In an online hearing, senators also called out the Department of Agriculture for its lack of a clear-cut program to ease the impact of African swine fever on local farmers, who have also complained about the deluge of imported meat products as the government tried to augment the plunging domestic swine production.
“We ask that the P13 per kilo assistance for transport be implemented soonest to avert a looming shortage of pork products mainly for Metro Manila,” said Rosendo So, chair of the Samahan ng Industriya at Agrikultura (Sinag).
Cash aid to traders
He also said the DA should speed up its implementation of the P10,000 cash assistance to traders so that hog growers from the Visayas and Mindanao could stem the financial pinch and sustain the industry.

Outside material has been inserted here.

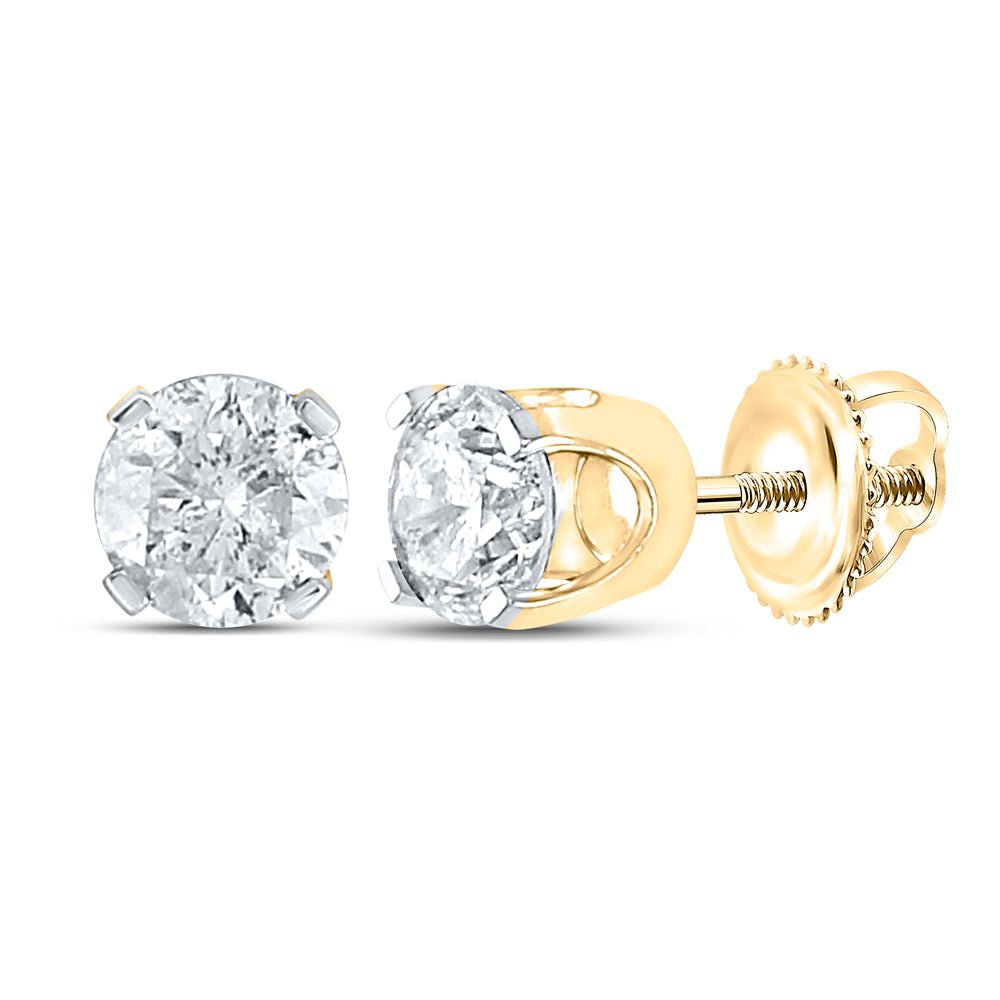 14K Yellow Gold Diamond Stud Earrings 1 13/8 Cttw - Splendid Jewellery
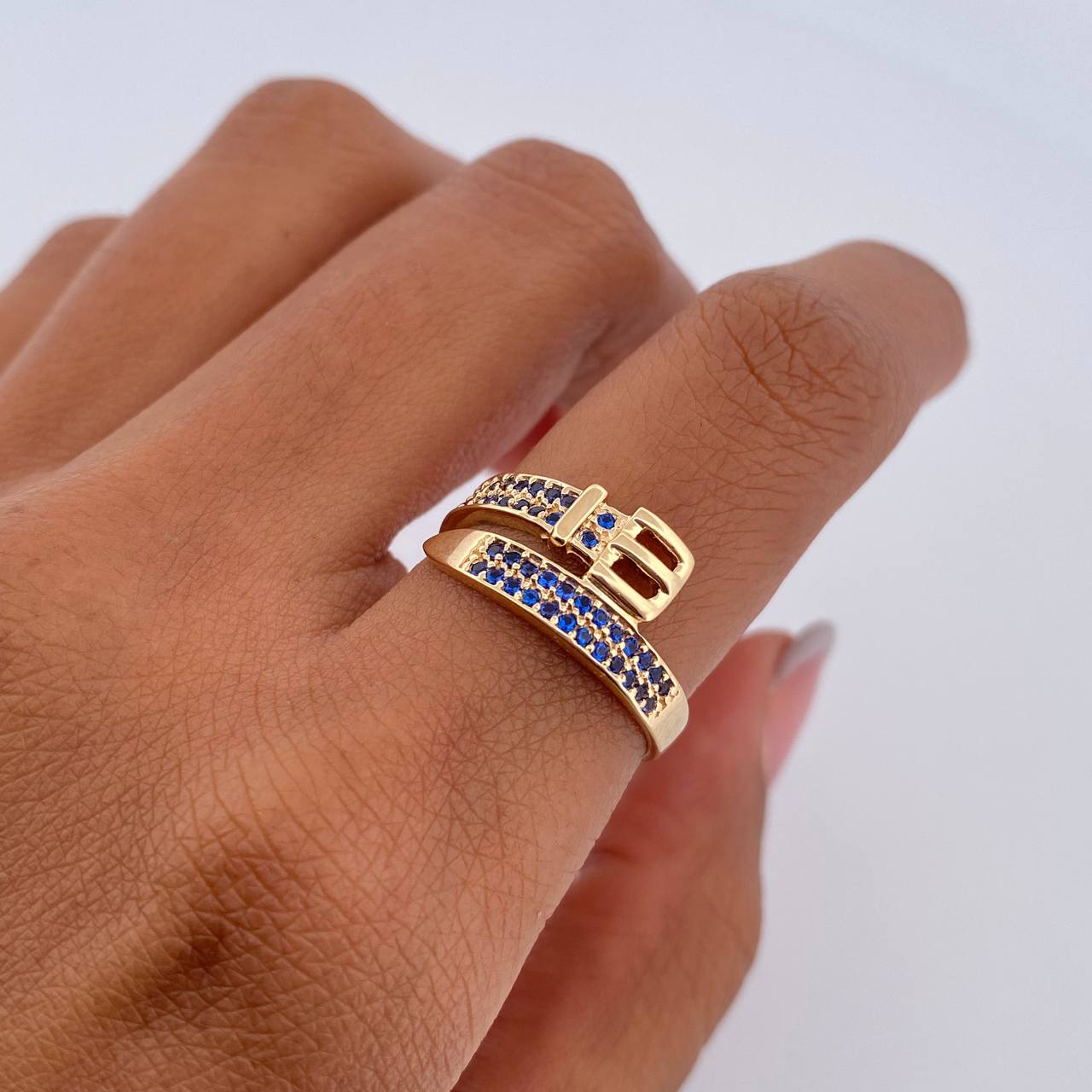 Belt Ring 2.7gr / T6 / Blue Zircons Yellow Gold 18K $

Sen. Cynthia Villar, chair of the Senate agriculture committee, said the government must find ways to bring down production costs for local swine producers to make their prices competitive with imported meat.
The senators expressed dismay over the government subsidy program’s poor implementation to farmers under the Bayanihan to Recover As One Act, which seeks to provide P10,000 assistance to affected farmers keeping 10 pigs and below.
Villar urged the DA to fast-track its implementation of the Bayanihan to Recover As One Act, amid a “dismal” performance of having provided aid to only 25 percent of its target beneficiaries.
She said she was baffled that the prices only rose this month when the perceived causes of the rising production costs began as early as September last year and despite the high demand in December because of the holidays.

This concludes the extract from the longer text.